◆ **Exercise**: Without a single alteration, write the listing out again.

◆ **Data provided**:
★ ★ ★ ★
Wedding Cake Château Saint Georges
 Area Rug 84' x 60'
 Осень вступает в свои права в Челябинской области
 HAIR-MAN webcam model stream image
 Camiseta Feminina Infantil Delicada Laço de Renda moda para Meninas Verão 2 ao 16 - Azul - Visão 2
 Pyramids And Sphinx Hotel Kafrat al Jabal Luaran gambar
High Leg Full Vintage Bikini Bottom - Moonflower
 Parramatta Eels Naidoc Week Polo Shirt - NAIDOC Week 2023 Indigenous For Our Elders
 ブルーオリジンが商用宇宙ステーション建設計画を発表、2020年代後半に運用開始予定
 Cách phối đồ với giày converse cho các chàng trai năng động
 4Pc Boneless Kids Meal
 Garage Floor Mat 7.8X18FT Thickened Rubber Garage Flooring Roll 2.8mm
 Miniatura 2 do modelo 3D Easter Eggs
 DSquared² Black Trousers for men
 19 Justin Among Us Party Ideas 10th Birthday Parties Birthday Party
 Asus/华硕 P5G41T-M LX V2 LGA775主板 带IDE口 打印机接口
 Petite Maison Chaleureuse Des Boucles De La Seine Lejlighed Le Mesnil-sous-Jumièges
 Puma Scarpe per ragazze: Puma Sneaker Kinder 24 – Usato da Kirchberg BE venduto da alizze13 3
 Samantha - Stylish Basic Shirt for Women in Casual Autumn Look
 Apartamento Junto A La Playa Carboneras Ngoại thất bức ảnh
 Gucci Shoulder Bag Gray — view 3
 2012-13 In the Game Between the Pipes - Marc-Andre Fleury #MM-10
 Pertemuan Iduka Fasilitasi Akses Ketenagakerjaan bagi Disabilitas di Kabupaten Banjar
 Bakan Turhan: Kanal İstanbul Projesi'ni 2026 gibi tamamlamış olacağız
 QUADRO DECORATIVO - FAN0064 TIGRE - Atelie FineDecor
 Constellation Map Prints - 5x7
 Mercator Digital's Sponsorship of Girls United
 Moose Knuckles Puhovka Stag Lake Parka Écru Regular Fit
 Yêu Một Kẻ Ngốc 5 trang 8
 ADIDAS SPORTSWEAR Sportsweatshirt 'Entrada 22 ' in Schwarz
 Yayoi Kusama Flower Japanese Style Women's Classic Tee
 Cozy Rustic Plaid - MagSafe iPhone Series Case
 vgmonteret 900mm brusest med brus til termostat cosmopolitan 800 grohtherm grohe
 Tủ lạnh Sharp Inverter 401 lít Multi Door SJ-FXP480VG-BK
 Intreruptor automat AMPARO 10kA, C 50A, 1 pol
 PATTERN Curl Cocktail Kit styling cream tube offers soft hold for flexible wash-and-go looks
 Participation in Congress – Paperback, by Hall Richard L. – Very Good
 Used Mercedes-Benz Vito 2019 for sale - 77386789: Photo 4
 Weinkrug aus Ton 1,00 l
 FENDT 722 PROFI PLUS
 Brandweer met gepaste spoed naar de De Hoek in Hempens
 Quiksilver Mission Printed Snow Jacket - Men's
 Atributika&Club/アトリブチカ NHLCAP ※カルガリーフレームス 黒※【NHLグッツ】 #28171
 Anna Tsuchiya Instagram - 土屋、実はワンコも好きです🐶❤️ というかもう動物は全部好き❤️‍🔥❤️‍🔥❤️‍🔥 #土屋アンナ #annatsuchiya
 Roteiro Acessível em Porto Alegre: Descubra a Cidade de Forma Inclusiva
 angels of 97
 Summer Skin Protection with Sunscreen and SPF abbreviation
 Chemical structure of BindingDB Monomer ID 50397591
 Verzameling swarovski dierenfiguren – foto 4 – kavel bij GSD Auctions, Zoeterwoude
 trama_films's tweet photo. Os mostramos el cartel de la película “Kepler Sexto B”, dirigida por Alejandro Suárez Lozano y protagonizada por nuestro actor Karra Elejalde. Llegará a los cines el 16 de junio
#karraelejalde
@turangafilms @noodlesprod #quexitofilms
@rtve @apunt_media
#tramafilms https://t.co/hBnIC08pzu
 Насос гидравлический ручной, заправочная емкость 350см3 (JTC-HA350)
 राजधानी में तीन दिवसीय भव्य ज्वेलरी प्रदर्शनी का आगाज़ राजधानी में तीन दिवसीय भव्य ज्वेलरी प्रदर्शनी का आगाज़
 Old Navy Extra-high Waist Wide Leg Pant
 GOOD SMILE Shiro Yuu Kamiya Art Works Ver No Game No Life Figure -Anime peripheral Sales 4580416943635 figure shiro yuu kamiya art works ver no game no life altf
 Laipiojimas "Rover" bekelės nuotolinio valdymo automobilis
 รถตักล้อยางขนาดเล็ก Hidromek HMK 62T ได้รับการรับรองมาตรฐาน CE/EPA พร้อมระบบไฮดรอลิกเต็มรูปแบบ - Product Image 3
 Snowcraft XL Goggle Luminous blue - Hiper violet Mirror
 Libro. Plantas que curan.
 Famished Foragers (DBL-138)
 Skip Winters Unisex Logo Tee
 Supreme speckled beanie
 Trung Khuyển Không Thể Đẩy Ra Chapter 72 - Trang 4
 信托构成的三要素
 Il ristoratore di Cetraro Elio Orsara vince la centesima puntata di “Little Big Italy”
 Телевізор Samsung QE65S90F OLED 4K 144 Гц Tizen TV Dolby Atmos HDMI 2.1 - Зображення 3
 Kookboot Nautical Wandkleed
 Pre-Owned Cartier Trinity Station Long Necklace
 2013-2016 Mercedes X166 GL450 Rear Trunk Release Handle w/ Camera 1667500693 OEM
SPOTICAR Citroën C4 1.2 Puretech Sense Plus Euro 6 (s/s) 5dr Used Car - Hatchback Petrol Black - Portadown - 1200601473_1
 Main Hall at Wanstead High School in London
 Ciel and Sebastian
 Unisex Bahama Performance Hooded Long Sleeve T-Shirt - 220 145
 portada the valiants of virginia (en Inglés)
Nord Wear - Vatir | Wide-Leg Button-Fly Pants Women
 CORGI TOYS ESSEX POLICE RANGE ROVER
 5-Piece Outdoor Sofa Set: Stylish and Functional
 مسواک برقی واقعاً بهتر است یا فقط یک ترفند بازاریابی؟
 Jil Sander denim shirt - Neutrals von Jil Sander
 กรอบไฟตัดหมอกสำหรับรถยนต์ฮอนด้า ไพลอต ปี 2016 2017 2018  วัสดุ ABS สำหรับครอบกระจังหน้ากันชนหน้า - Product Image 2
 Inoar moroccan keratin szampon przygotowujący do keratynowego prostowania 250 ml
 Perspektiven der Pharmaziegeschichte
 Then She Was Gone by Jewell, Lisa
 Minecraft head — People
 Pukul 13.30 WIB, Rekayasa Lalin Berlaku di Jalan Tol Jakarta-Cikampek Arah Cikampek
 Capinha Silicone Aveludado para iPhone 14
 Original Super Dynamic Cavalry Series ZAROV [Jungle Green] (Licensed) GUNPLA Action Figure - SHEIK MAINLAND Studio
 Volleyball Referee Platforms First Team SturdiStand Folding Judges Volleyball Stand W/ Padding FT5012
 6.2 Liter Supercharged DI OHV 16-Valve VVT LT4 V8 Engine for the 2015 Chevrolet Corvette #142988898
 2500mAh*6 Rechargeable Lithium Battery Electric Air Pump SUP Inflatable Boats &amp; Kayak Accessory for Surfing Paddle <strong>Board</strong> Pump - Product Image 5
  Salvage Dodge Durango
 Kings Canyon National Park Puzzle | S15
★ ★ ★ ★
◆ **Response area**:
Wedding Cake Château Saint Georges
 Area Rug 84' x 60'
 Осень вступает в свои права в Челябинской области
 HAIR-MAN webcam model stream image
 Camiseta Feminina Infantil Delicada Laço de Renda moda para Meninas Verão 2 ao 16 - Azul - Visão 2
 Pyramids And Sphinx Hotel Kafrat al Jabal Luaran gambar
High Leg Full Vintage Bikini Bottom - Moonflower
 Parramatta Eels Naidoc Week Polo Shirt - NAIDOC Week 2023 Indigenous For Our Elders
 ブルーオリジンが商用宇宙ステーション建設計画を発表、2020年代後半に運用開始予定
 Cách phối đồ với giày converse cho các chàng trai năng động
 4Pc Boneless Kids Meal
 Garage Floor Mat 7.8X18FT Thickened Rubber Garage Flooring Roll 2.8mm
 Miniatura 2 do modelo 3D Easter Eggs
 DSquared² Black Trousers for men
 19 Justin Among Us Party Ideas 10th Birthday Parties Birthday Party
 Asus/华硕 P5G41T-M LX V2 LGA775主板 带IDE口 打印机接口
 Petite Maison Chaleureuse Des Boucles De La Seine Lejlighed Le Mesnil-sous-Jumièges
 Puma Scarpe per ragazze: Puma Sneaker Kinder 24 – Usato da Kirchberg BE venduto da alizze13 3
 Samantha - Stylish Basic Shirt for Women in Casual Autumn Look
 Apartamento Junto A La Playa Carboneras Ngoại thất bức ảnh
 Gucci Shoulder Bag Gray — view 3
 2012-13 In the Game Between the Pipes - Marc-Andre Fleury #MM-10
 Pertemuan Iduka Fasilitasi Akses Ketenagakerjaan bagi Disabilitas di Kabupaten Banjar
 Bakan Turhan: Kanal İstanbul Projesi'ni 2026 gibi tamamlamış olacağız
 QUADRO DECORATIVO - FAN0064 TIGRE - Atelie FineDecor
 Constellation Map Prints - 5x7
 Mercator Digital's Sponsorship of Girls United
 Moose Knuckles Puhovka Stag Lake Parka Écru Regular Fit
 Yêu Một Kẻ Ngốc 5 trang 8
 ADIDAS SPORTSWEAR Sportsweatshirt 'Entrada 22 ' in Schwarz
 Yayoi Kusama Flower Japanese Style Women's Classic Tee
 Cozy Rustic Plaid - MagSafe iPhone Series Case
 vgmonteret 900mm brusest med brus til termostat cosmopolitan 800 grohtherm grohe
 Tủ lạnh Sharp Inverter 401 lít Multi Door SJ-FXP480VG-BK
 Intreruptor automat AMPARO 10kA, C 50A, 1 pol
 PATTERN Curl Cocktail Kit styling cream tube offers soft hold for flexible wash-and-go looks
 Participation in Congress – Paperback, by Hall Richard L. – Very Good
 Used Mercedes-Benz Vito 2019 for sale - 77386789: Photo 4
 Weinkrug aus Ton 1,00 l
 FENDT 722 PROFI PLUS
 Brandweer met gepaste spoed naar de De Hoek in Hempens
 Quiksilver Mission Printed Snow Jacket - Men's
 Atributika&Club/アトリブチカ NHLCAP ※カルガリーフレームス 黒※【NHLグッツ】 #28171
 Anna Tsuchiya Instagram - 土屋、実はワンコも好きです🐶❤️ というかもう動物は全部好き❤️‍🔥❤️‍🔥❤️‍🔥 #土屋アンナ #annatsuchiya
 Roteiro Acessível em Porto Alegre: Descubra a Cidade de Forma Inclusiva
 angels of 97
 Summer Skin Protection with Sunscreen and SPF abbreviation
 Chemical structure of BindingDB Monomer ID 50397591
 Verzameling swarovski dierenfiguren – foto 4 – kavel bij GSD Auctions, Zoeterwoude
 trama_films's tweet photo. Os mostramos el cartel de la película “Kepler Sexto B”, dirigida por Alejandro Suárez Lozano y protagonizada por nuestro actor Karra Elejalde. Llegará a los cines el 16 de junio
#karraelejalde
@turangafilms @noodlesprod #quexitofilms
@rtve @apunt_media
#tramafilms https://t.co/hBnIC08pzu
 Насос гидравлический ручной, заправочная емкость 350см3 (JTC-HA350)
 राजधानी में तीन दिवसीय भव्य ज्वेलरी प्रदर्शनी का आगाज़ राजधानी में तीन दिवसीय भव्य ज्वेलरी प्रदर्शनी का आगाज़
 Old Navy Extra-high Waist Wide Leg Pant
 GOOD SMILE Shiro Yuu Kamiya Art Works Ver No Game No Life Figure -Anime peripheral Sales 4580416943635 figure shiro yuu kamiya art works ver no game no life altf
 Laipiojimas "Rover" bekelės nuotolinio valdymo automobilis
 รถตักล้อยางขนาดเล็ก Hidromek HMK 62T ได้รับการรับรองมาตรฐาน CE/EPA พร้อมระบบไฮดรอลิกเต็มรูปแบบ - Product Image 3
 Snowcraft XL Goggle Luminous blue - Hiper violet Mirror
 Libro. Plantas que curan.
 Famished Foragers (DBL-138)
 Skip Winters Unisex Logo Tee
 Supreme speckled beanie
 Trung Khuyển Không Thể Đẩy Ra Chapter 72 - Trang 4
 信托构成的三要素
 Il ristoratore di Cetraro Elio Orsara vince la centesima puntata di “Little Big Italy”
 Телевізор Samsung QE65S90F OLED 4K 144 Гц Tizen TV Dolby Atmos HDMI 2.1 - Зображення 3
 Kookboot Nautical Wandkleed
 Pre-Owned Cartier Trinity Station Long Necklace
 2013-2016 Mercedes X166 GL450 Rear Trunk Release Handle w/ Camera 1667500693 OEM
SPOTICAR Citroën C4 1.2 Puretech Sense Plus Euro 6 (s/s) 5dr Used Car - Hatchback Petrol Black - Portadown - 1200601473_1
 Main Hall at Wanstead High School in London
 Ciel and Sebastian
 Unisex Bahama Performance Hooded Long Sleeve T-Shirt - 220 145
 portada the valiants of virginia (en Inglés)
Nord Wear - Vatir | Wide-Leg Button-Fly Pants Women
 CORGI TOYS ESSEX POLICE RANGE ROVER
 5-Piece Outdoor Sofa Set: Stylish and Functional
 مسواک برقی واقعاً بهتر است یا فقط یک ترفند بازاریابی؟
 Jil Sander denim shirt - Neutrals von Jil Sander
 กรอบไฟตัดหมอกสำหรับรถยนต์ฮอนด้า ไพลอต ปี 2016 2017 2018  วัสดุ ABS สำหรับครอบกระจังหน้ากันชนหน้า - Product Image 2
 Inoar moroccan keratin szampon przygotowujący do keratynowego prostowania 250 ml
 Perspektiven der Pharmaziegeschichte
 Then She Was Gone by Jewell, Lisa
 Minecraft head — People
 Pukul 13.30 WIB, Rekayasa Lalin Berlaku di Jalan Tol Jakarta-Cikampek Arah Cikampek
 Capinha Silicone Aveludado para iPhone 14
 Original Super Dynamic Cavalry Series ZAROV [Jungle Green] (Licensed) GUNPLA Action Figure - SHEIK MAINLAND Studio
 Volleyball Referee Platforms First Team SturdiStand Folding Judges Volleyball Stand W/ Padding FT5012
 6.2 Liter Supercharged DI OHV 16-Valve VVT LT4 V8 Engine for the 2015 Chevrolet Corvette #142988898
 2500mAh*6 Rechargeable Lithium Battery Electric Air Pump SUP Inflatable Boats &amp; Kayak Accessory for Surfing Paddle <strong>Board</strong> Pump - Product Image 5
  Salvage Dodge Durango
 Kings Canyon National Park Puzzle | S15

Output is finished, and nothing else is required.